TASK BRIEF: Copy out every line of the data exactly.

Segment Start: RECORDS FOR THE EXERCISE

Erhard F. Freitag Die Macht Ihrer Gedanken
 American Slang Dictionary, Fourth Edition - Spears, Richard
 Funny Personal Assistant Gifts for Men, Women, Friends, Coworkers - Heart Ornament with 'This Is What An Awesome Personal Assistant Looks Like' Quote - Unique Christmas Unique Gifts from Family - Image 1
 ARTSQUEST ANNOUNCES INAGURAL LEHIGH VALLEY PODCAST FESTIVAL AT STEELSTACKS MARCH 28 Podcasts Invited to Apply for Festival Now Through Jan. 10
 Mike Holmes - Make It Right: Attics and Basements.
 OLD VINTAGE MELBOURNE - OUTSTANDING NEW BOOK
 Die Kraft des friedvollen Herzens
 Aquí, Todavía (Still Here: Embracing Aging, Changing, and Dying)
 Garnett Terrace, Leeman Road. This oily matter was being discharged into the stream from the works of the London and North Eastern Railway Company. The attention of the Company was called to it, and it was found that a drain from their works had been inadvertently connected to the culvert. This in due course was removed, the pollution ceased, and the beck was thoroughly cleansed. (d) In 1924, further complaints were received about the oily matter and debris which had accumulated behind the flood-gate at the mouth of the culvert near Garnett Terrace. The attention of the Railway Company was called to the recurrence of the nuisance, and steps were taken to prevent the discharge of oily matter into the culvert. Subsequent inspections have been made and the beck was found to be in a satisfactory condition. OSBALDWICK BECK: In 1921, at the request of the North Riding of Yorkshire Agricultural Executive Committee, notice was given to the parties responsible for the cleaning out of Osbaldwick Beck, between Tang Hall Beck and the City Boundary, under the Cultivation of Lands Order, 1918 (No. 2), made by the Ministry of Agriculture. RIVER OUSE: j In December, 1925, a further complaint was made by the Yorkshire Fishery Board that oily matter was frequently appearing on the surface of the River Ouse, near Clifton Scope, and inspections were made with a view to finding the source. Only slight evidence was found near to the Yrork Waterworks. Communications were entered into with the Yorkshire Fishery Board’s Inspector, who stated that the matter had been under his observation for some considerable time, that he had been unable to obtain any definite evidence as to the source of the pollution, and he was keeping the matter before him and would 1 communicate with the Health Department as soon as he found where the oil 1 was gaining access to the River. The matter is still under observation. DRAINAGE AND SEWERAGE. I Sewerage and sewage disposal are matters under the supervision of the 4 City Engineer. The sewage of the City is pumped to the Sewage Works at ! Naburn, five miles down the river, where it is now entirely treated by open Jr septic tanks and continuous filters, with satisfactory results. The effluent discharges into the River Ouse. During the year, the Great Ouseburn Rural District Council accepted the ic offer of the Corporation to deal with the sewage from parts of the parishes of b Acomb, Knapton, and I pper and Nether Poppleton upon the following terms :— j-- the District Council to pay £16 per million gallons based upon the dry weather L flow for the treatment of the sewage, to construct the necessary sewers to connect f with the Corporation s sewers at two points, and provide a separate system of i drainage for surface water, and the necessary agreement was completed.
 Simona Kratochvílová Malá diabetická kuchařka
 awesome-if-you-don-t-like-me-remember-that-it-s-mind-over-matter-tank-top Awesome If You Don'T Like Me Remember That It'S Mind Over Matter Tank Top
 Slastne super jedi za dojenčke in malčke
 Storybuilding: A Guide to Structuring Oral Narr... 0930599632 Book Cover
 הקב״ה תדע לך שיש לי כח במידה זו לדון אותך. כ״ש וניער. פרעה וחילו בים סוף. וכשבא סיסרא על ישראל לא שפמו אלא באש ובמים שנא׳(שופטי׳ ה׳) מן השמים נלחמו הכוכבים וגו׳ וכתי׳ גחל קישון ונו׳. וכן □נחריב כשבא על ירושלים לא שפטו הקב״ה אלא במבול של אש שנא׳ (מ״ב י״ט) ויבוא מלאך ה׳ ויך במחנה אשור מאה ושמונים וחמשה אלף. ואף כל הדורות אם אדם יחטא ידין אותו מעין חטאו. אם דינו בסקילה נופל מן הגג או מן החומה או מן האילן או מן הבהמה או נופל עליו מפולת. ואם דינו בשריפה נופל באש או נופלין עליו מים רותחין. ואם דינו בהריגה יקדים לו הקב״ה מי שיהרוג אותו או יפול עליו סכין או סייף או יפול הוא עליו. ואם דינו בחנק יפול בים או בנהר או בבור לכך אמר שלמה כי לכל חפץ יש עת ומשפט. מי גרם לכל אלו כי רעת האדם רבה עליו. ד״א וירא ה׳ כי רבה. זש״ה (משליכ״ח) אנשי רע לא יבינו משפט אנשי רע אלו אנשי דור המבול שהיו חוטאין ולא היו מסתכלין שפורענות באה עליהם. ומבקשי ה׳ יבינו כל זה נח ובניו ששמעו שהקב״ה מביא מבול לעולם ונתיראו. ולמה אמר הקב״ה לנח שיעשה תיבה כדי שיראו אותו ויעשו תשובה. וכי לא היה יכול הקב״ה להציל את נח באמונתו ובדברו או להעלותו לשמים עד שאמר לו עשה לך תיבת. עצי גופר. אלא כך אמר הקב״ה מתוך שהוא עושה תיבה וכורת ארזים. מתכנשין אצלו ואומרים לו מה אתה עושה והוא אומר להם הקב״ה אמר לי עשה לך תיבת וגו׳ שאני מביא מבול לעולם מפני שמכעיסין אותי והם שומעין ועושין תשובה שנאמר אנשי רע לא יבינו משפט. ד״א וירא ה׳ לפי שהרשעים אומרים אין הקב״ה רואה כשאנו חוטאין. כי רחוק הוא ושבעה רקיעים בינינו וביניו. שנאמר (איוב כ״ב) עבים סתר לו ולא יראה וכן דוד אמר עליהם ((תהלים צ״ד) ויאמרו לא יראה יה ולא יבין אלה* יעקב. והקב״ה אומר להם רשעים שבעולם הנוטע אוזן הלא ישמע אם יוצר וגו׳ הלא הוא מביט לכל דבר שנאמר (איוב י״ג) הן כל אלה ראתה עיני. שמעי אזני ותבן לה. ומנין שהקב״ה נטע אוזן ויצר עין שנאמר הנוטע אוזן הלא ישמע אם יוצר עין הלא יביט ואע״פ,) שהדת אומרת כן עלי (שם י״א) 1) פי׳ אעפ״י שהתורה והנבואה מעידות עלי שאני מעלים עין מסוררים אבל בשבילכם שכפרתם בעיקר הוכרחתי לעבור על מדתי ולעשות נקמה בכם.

Segment End: RECORDS FOR THE EXERCISE

YOUR SOLUTION:
Erhard F. Freitag Die Macht Ihrer Gedanken
 American Slang Dictionary, Fourth Edition - Spears, Richard
 Funny Personal Assistant Gifts for Men, Women, Friends, Coworkers - Heart Ornament with 'This Is What An Awesome Personal Assistant Looks Like' Quote - Unique Christmas Unique Gifts from Family - Image 1
 ARTSQUEST ANNOUNCES INAGURAL LEHIGH VALLEY PODCAST FESTIVAL AT STEELSTACKS MARCH 28 Podcasts Invited to Apply for Festival Now Through Jan. 10
 Mike Holmes - Make It Right: Attics and Basements.
 OLD VINTAGE MELBOURNE - OUTSTANDING NEW BOOK
 Die Kraft des friedvollen Herzens
 Aquí, Todavía (Still Here: Embracing Aging, Changing, and Dying)
 Garnett Terrace, Leeman Road. This oily matter was being discharged into the stream from the works of the London and North Eastern Railway Company. The attention of the Company was called to it, and it was found that a drain from their works had been inadvertently connected to the culvert. This in due course was removed, the pollution ceased, and the beck was thoroughly cleansed. (d) In 1924, further complaints were received about the oily matter and debris which had accumulated behind the flood-gate at the mouth of the culvert near Garnett Terrace. The attention of the Railway Company was called to the recurrence of the nuisance, and steps were taken to prevent the discharge of oily matter into the culvert. Subsequent inspections have been made and the beck was found to be in a satisfactory condition. OSBALDWICK BECK: In 1921, at the request of the North Riding of Yorkshire Agricultural Executive Committee, notice was given to the parties responsible for the cleaning out of Osbaldwick Beck, between Tang Hall Beck and the City Boundary, under the Cultivation of Lands Order, 1918 (No. 2), made by the Ministry of Agriculture. RIVER OUSE: j In December, 1925, a further complaint was made by the Yorkshire Fishery Board that oily matter was frequently appearing on the surface of the River Ouse, near Clifton Scope, and inspections were made with a view to finding the source. Only slight evidence was found near to the Yrork Waterworks. Communications were entered into with the Yorkshire Fishery Board’s Inspector, who stated that the matter had been under his observation for some considerable time, that he had been unable to obtain any definite evidence as to the source of the pollution, and he was keeping the matter before him and would 1 communicate with the Health Department as soon as he found where the oil 1 was gaining access to the River. The matter is still under observation. DRAINAGE AND SEWERAGE. I Sewerage and sewage disposal are matters under the supervision of the 4 City Engineer. The sewage of the City is pumped to the Sewage Works at ! Naburn, five miles down the river, where it is now entirely treated by open Jr septic tanks and continuous filters, with satisfactory results. The effluent discharges into the River Ouse. During the year, the Great Ouseburn Rural District Council accepted the ic offer of the Corporation to deal with the sewage from parts of the parishes of b Acomb, Knapton, and I pper and Nether Poppleton upon the following terms :— j-- the District Council to pay £16 per million gallons based upon the dry weather L flow for the treatment of the sewage, to construct the necessary sewers to connect f with the Corporation s sewers at two points, and provide a separate system of i drainage for surface water, and the necessary agreement was completed.
 Simona Kratochvílová Malá diabetická kuchařka
 awesome-if-you-don-t-like-me-remember-that-it-s-mind-over-matter-tank-top Awesome If You Don'T Like Me Remember That It'S Mind Over Matter Tank Top
 Slastne super jedi za dojenčke in malčke
 Storybuilding: A Guide to Structuring Oral Narr... 0930599632 Book Cover
 הקב״ה תדע לך שיש לי כח במידה זו לדון אותך. כ״ש וניער. פרעה וחילו בים סוף. וכשבא סיסרא על ישראל לא שפמו אלא באש ובמים שנא׳(שופטי׳ ה׳) מן השמים נלחמו הכוכבים וגו׳ וכתי׳ גחל קישון ונו׳. וכן □נחריב כשבא על ירושלים לא שפטו הקב״ה אלא במבול של אש שנא׳ (מ״ב י״ט) ויבוא מלאך ה׳ ויך במחנה אשור מאה ושמונים וחמשה אלף. ואף כל הדורות אם אדם יחטא ידין אותו מעין חטאו. אם דינו בסקילה נופל מן הגג או מן החומה או מן האילן או מן הבהמה או נופל עליו מפולת. ואם דינו בשריפה נופל באש או נופלין עליו מים רותחין. ואם דינו בהריגה יקדים לו הקב״ה מי שיהרוג אותו או יפול עליו סכין או סייף או יפול הוא עליו. ואם דינו בחנק יפול בים או בנהר או בבור לכך אמר שלמה כי לכל חפץ יש עת ומשפט. מי גרם לכל אלו כי רעת האדם רבה עליו. ד״א וירא ה׳ כי רבה. זש״ה (משליכ״ח) אנשי רע לא יבינו משפט אנשי רע אלו אנשי דור המבול שהיו חוטאין ולא היו מסתכלין שפורענות באה עליהם. ומבקשי ה׳ יבינו כל זה נח ובניו ששמעו שהקב״ה מביא מבול לעולם ונתיראו. ולמה אמר הקב״ה לנח שיעשה תיבה כדי שיראו אותו ויעשו תשובה. וכי לא היה יכול הקב״ה להציל את נח באמונתו ובדברו או להעלותו לשמים עד שאמר לו עשה לך תיבת. עצי גופר. אלא כך אמר הקב״ה מתוך שהוא עושה תיבה וכורת ארזים. מתכנשין אצלו ואומרים לו מה אתה עושה והוא אומר להם הקב״ה אמר לי עשה לך תיבת וגו׳ שאני מביא מבול לעולם מפני שמכעיסין אותי והם שומעין ועושין תשובה שנאמר אנשי רע לא יבינו משפט. ד״א וירא ה׳ לפי שהרשעים אומרים אין הקב״ה רואה כשאנו חוטאין. כי רחוק הוא ושבעה רקיעים בינינו וביניו. שנאמר (איוב כ״ב) עבים סתר לו ולא יראה וכן דוד אמר עליהם ((תהלים צ״ד) ויאמרו לא יראה יה ולא יבין אלה* יעקב. והקב״ה אומר להם רשעים שבעולם הנוטע אוזן הלא ישמע אם יוצר וגו׳ הלא הוא מביט לכל דבר שנאמר (איוב י״ג) הן כל אלה ראתה עיני. שמעי אזני ותבן לה. ומנין שהקב״ה נטע אוזן ויצר עין שנאמר הנוטע אוזן הלא ישמע אם יוצר עין הלא יביט ואע״פ,) שהדת אומרת כן עלי (שם י״א) 1) פי׳ אעפ״י שהתורה והנבואה מעידות עלי שאני מעלים עין מסוררים אבל בשבילכם שכפרתם בעיקר הוכרחתי לעבור על מדתי ולעשות נקמה בכם.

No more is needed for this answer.